É provável, contudo, que os detratores dessa forma de ensino apelem ao argumento de que, justamente por serem países de primeiro mundo e não compartilharem dos problemas que o Brasil enfrenta, não deveriam servir de parâmetro. Essa linha de raciocínio tem fragilidades evidentes, mas nem sequer é preciso expô-las. Basta prosseguir com a lista. Nela estão nossos vizinhos Chile e Colômbia, além de nações caribenhas, como Bahamas, Barbados e Jamaica. A África do Sul regulamentou o homeschooling em 1996. A ilha asiática de Taiwan o fez em 1999, e no ano seguinte foi a vez de Cingapura. Até a Rússia, com todo o seu passado de comunismo e controle estatal, já regulamentou a prática, tornando-a completamente legítima em todo o seu território desde 2012.
Não é difícil supor que grande parte desses países enfrentou questionamentos semelhantes aos levantados no Brasil. O da falta de socialização, por exemplo, é o mais fácil de ser derrubado, pois quem o invoca parece partir do pressuposto de que só na escola é possível socializar. Parecem ignorar que crianças também podem brincar juntas e conviver em condomínios residenciais, parquinhos públicos, igrejas, cursos de idiomas, academias de judô ou balé, em grupos de escoteiros etc.
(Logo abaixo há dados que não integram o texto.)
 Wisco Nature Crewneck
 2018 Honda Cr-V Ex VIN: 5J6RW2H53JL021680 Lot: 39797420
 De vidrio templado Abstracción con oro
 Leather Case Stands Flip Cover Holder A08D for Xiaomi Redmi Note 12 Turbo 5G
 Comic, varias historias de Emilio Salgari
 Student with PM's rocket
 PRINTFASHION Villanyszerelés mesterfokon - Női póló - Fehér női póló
Outro ruído no debate que precisa ser esclarecido diz respeito à “prioridade” do tema. Com o objetivo de provocar desinformação, opositores à prática têm dito que o governo devia se preocupar com políticas públicas mais relevantes. A armadilha nessa sentença está em tratar o homeschooling como política pública, quando nem o governo, nem nenhum dos autores de projetos de lei sobre o tema o fazem. Legitimar a educação domiciliar é questão de reconhecimento de direitos, de liberdade de escolha por parte das famílias. Não se trata de demonizar a escola, mas sim de poder optar sobre onde educar os filhos: na escola ou em casa.
Hoje, ainda que uma mãe hipotética tenha toda a formação acadêmica voltada para a alfabetização, inclusive com doutorado na área, e queira educar os próprios filhos em casa, ela não pode. É obrigada pelo Estado a confiar na escola pública, cujos problemas não é preciso mencionar, ou a pagar muito para matriculá-los em uma instituição privada, onde também não há garantias de que receberão instrução melhor do que aquela que ela própria poderia oferecer em casa. Esse exemplo mostra como a situação atual não é nem sequer razoável.
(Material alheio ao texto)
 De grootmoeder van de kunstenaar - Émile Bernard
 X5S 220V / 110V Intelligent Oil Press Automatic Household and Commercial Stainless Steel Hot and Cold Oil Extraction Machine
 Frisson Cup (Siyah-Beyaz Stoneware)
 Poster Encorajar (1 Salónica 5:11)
Evidentemente, é preciso não descuidar das crianças em situação de vulnerabilidade social, que poderiam ser vítimas de responsáveis relapsos e acabarem em estado de abandono intelectual. No entanto, é justamente para evitar esses casos que o Supremo Tribunal Federal, no julgamento que discutiu o assunto, em 2018, estipulou as balizas a serem respeitadas pela futura legislação brasileira sobre o tema. No acórdão publicado pela corte é dito que a Constituição Federal não proíbe a educação domiciliar, contanto que ela “respeite o dever de solidariedade entre a família e o Estado”, cumprindo um “núcleo básico de matérias acadêmicas” e prevendo a “supervisão, avaliação e fiscalização pelo poder público”.
O mundo, a história e até mesmo a Justiça brasileira já deram sinal verde para a educação domiciliar. É hora de o Congresso Nacional fazer a sua parte.
Filipe Barros é deputado federal (PSL-PR).